DATA UNDER STUDY -
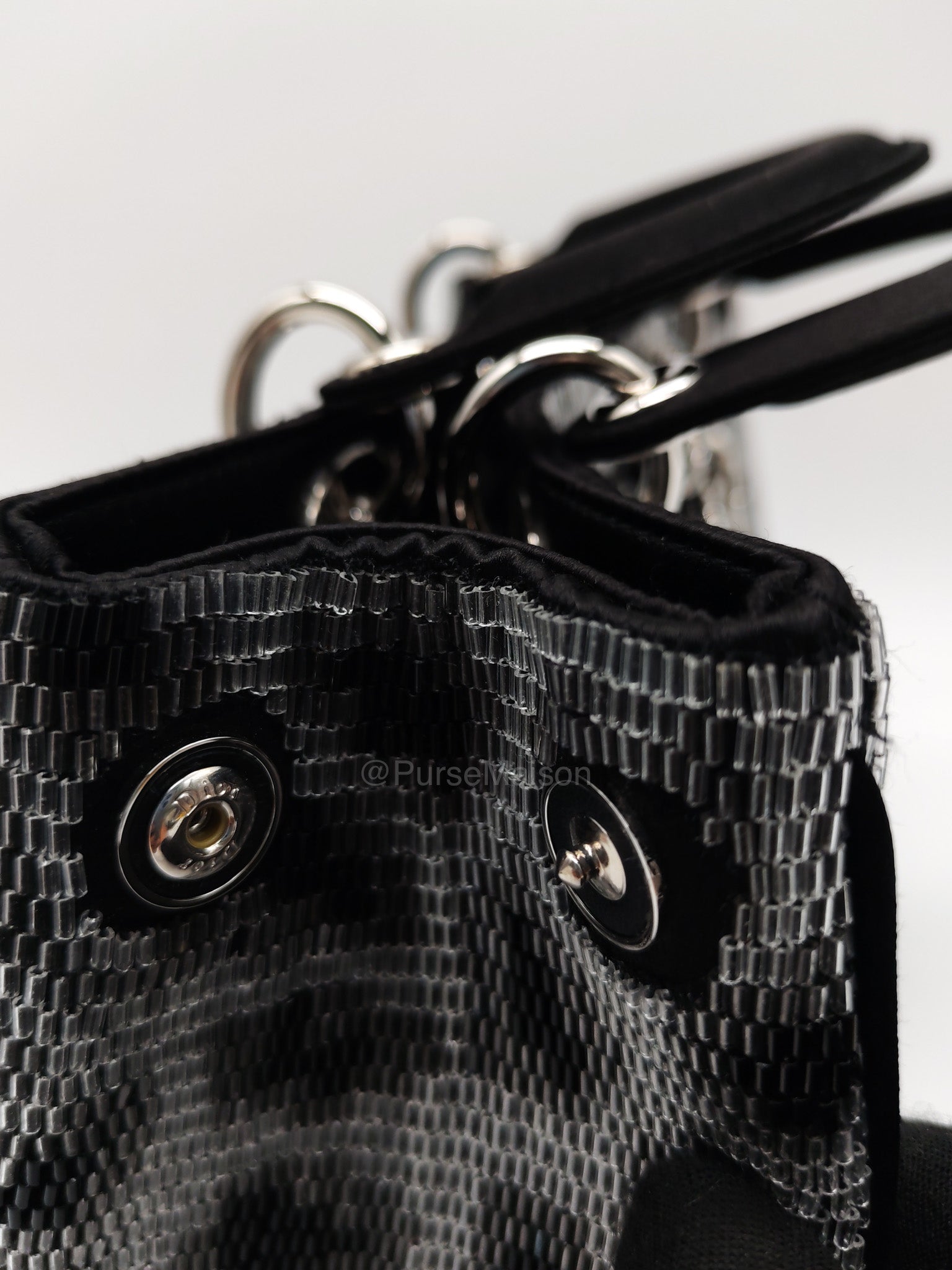 Christian Dior Leopard Lady Dior in Black and Gray Wool Sequin Leather and Silver Hardware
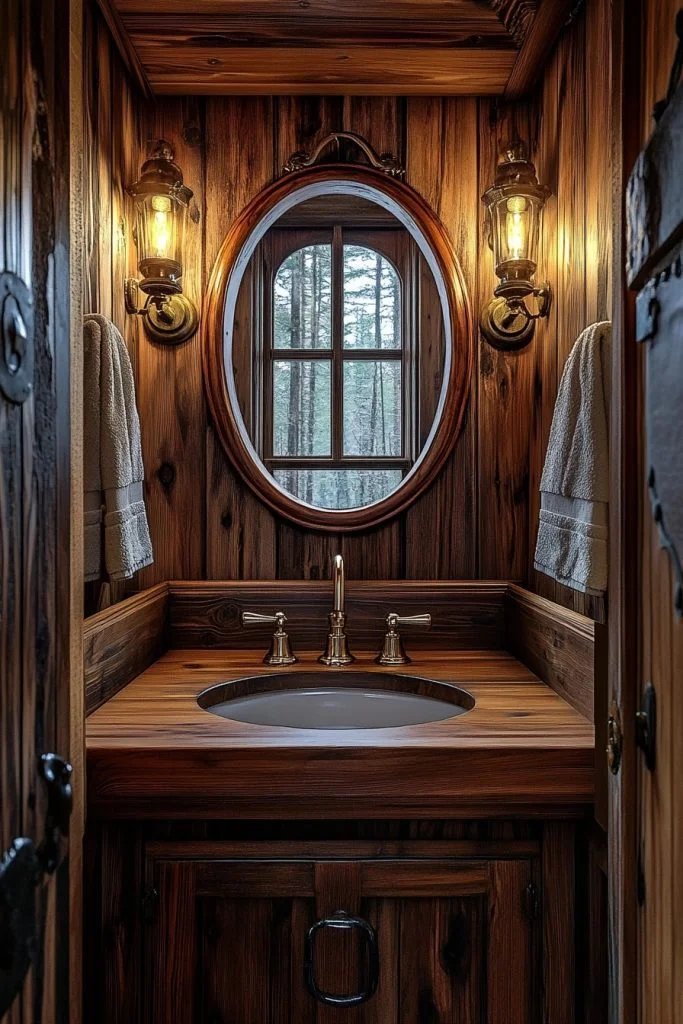 Warm Wooden Sink Nook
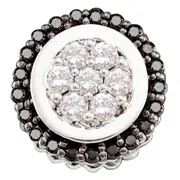 14k White Gold Round Black Diamond Cluster Pendant 1/3 Cttw
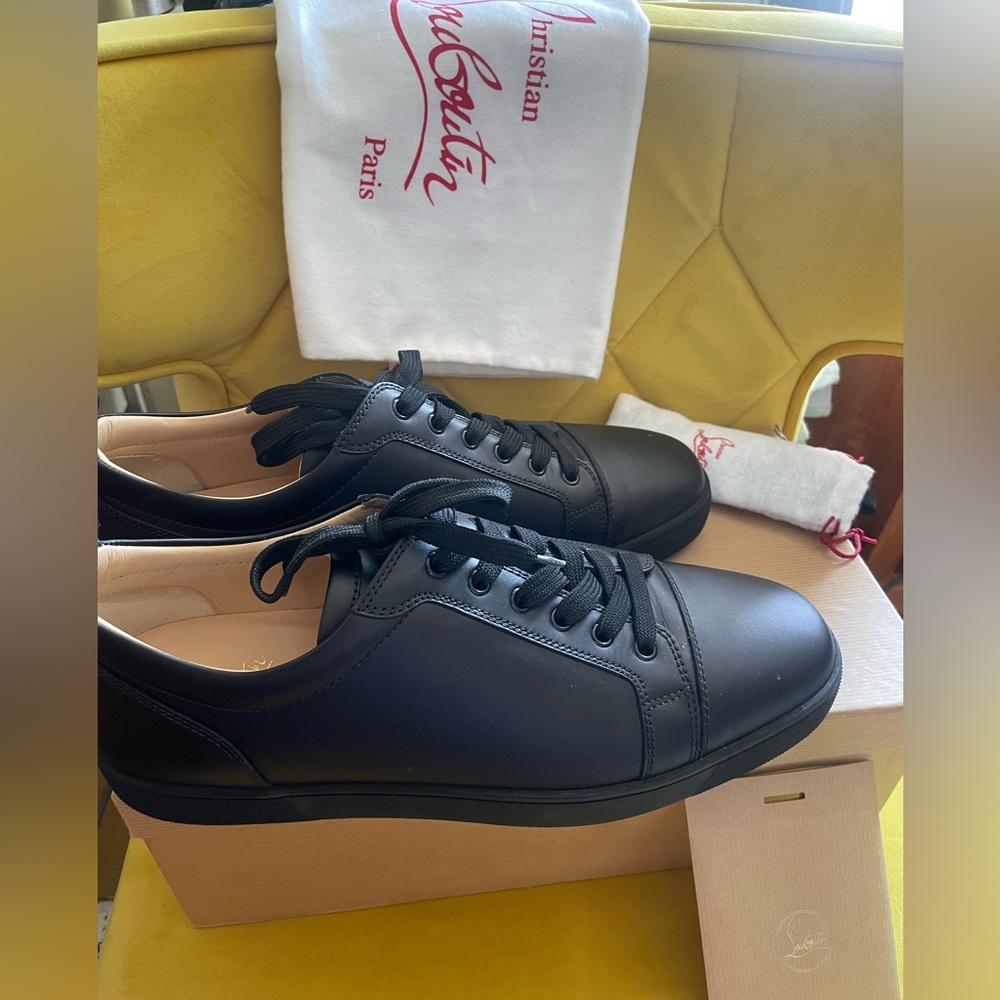Christian Louboutin Black Leather Sneakers Minimalist Design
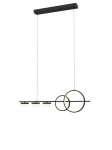 Lampa wisząca Messina w kolorze czarnym z pięcioma źródłami LED, z prostokątną podstawą i okrągłymi detalami. Zawieszona na cienkich żyłkach, prezentuje nowoczesny design z minimalistycznymi elementami.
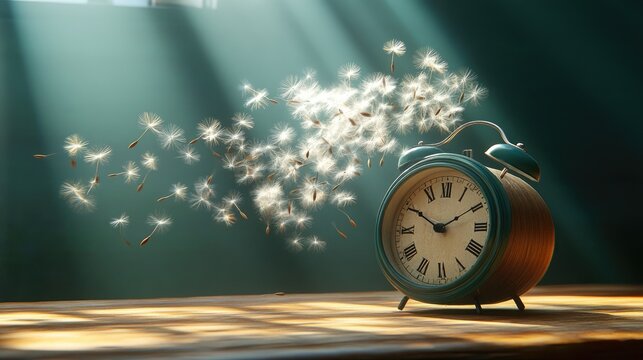 Alarm Clock with Dandelion Seeds and Sunlight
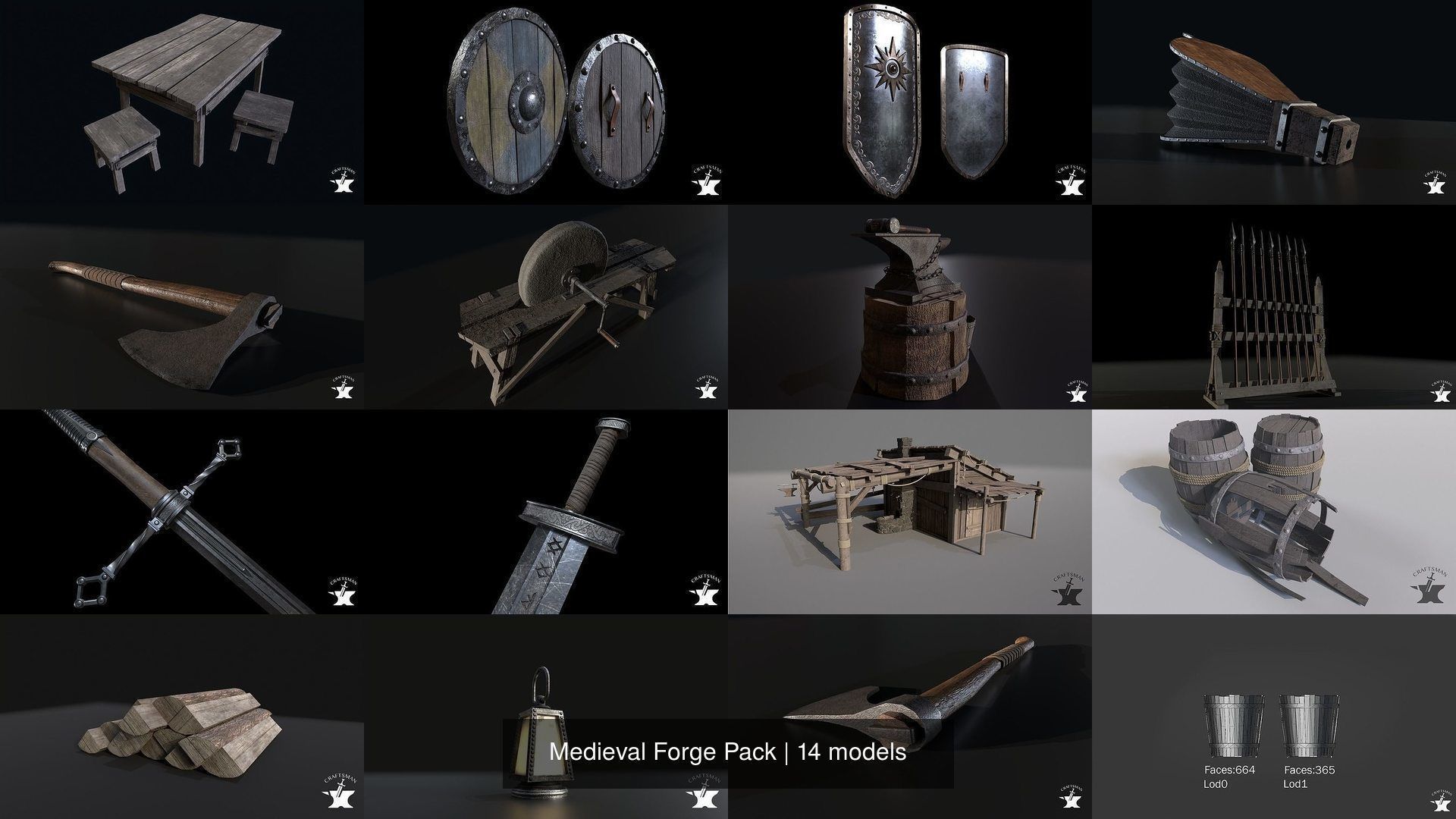 Medieval Forge Pack 3D Model Collection_27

PROBLEM STATEMENT - The line containing "Christian Louboutin Black" marks the end: transcribe every line from the start of the listing up to and including it, minus the pictures.

SOLUTION FOR THIS TASK -
 Christian Dior Leopard Lady Dior in Black and Gray Wool Sequin Leather and Silver Hardware
 Warm Wooden Sink Nook
 14k White Gold Round Black Diamond Cluster Pendant 1/3 Cttw
Christian Louboutin Black Leather Sneakers Minimalist Design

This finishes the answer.